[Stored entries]

::::

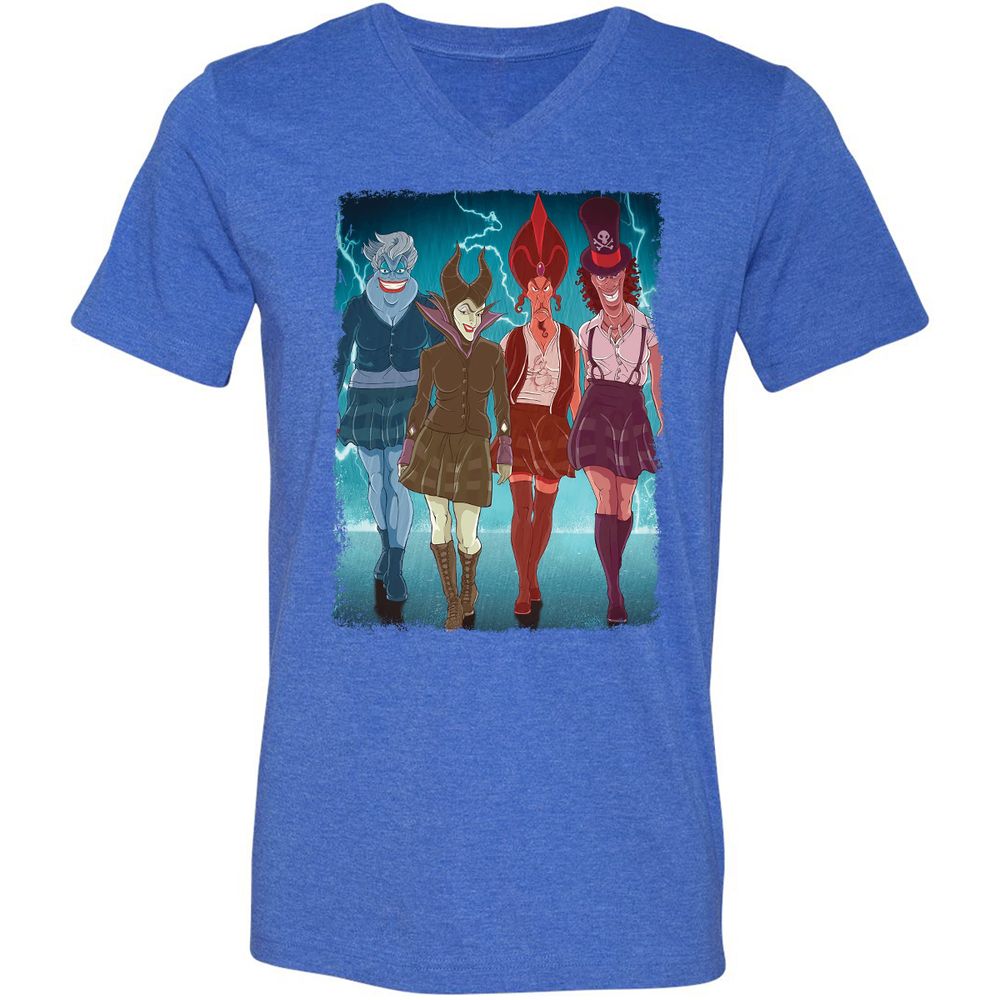 Unisex V-Neck T-Shirt - PQ5Y4NL1 - Heather True Royal - 14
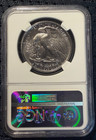 2017  25 American Palladium Eagle High Relief Fdoi 1 Oz Ms70 May Signed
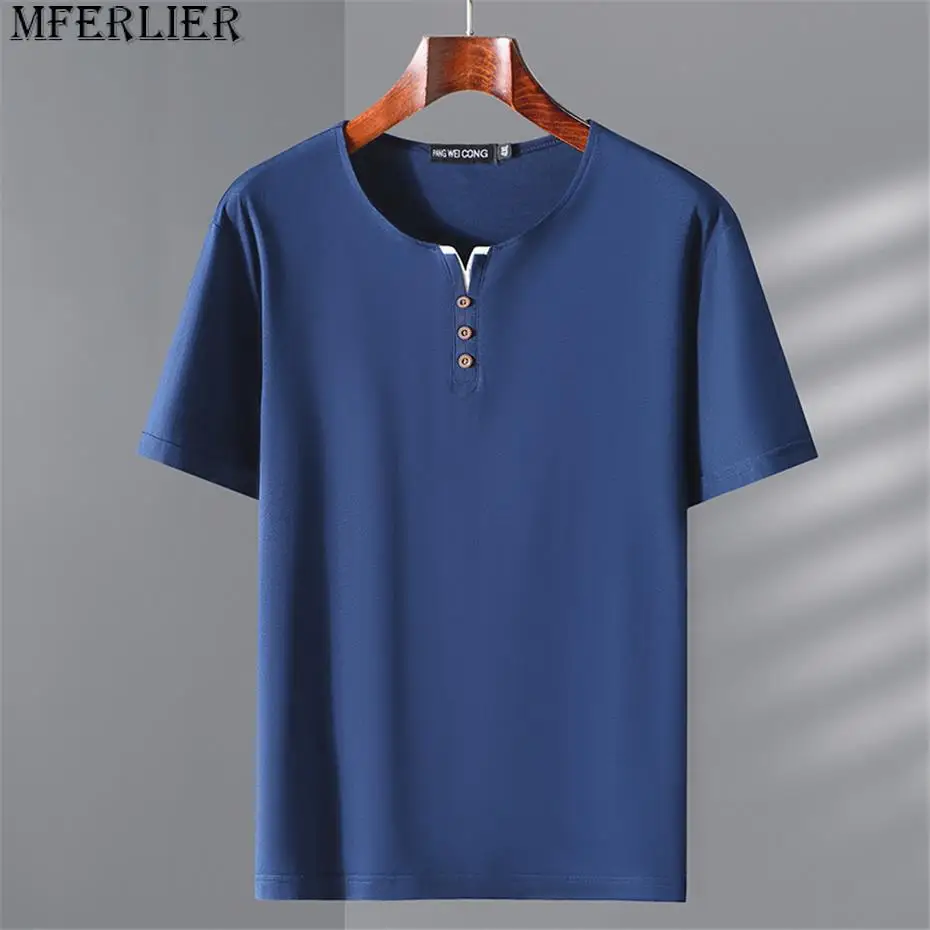 10XL Plus T-shirt Men Summer Short Sleeve T Shirt Big Size Tops Tees Male Casual Solid Color Tshirt 12XL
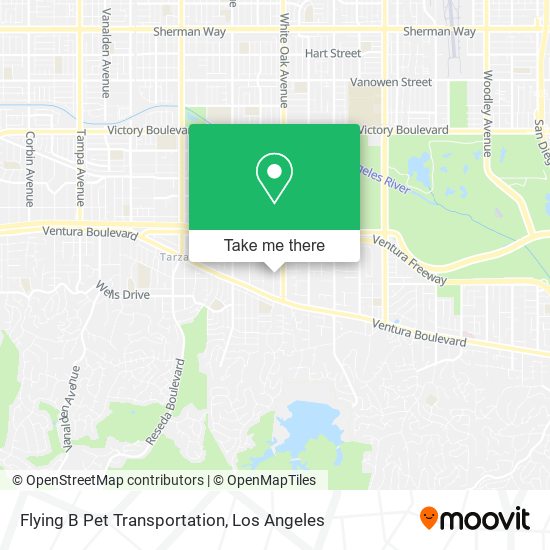 Mapa de Flying B Pet Transportation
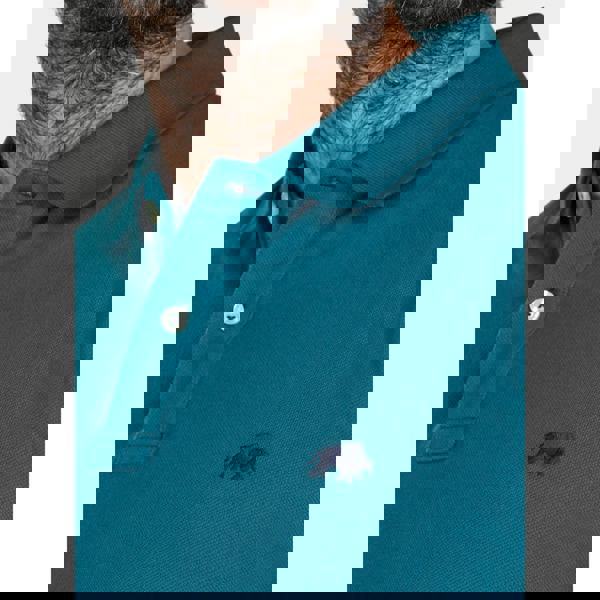 Raging Bull Mens Classic Organic Polo Shirt - Teal -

::::

PROBLEM DETAILS: Transcribe the entries above verbatim, excluding any image.

RESULT OF THE EXERCISE:
 Unisex V-Neck T-Shirt - PQ5Y4NL1 - Heather True Royal - 14
 2017  25 American Palladium Eagle High Relief Fdoi 1 Oz Ms70 May Signed
 10XL Plus T-shirt Men Summer Short Sleeve T Shirt Big Size Tops Tees Male Casual Solid Color Tshirt 12XL
 Mapa de Flying B Pet Transportation
 Raging Bull Mens Classic Organic Polo Shirt - Teal -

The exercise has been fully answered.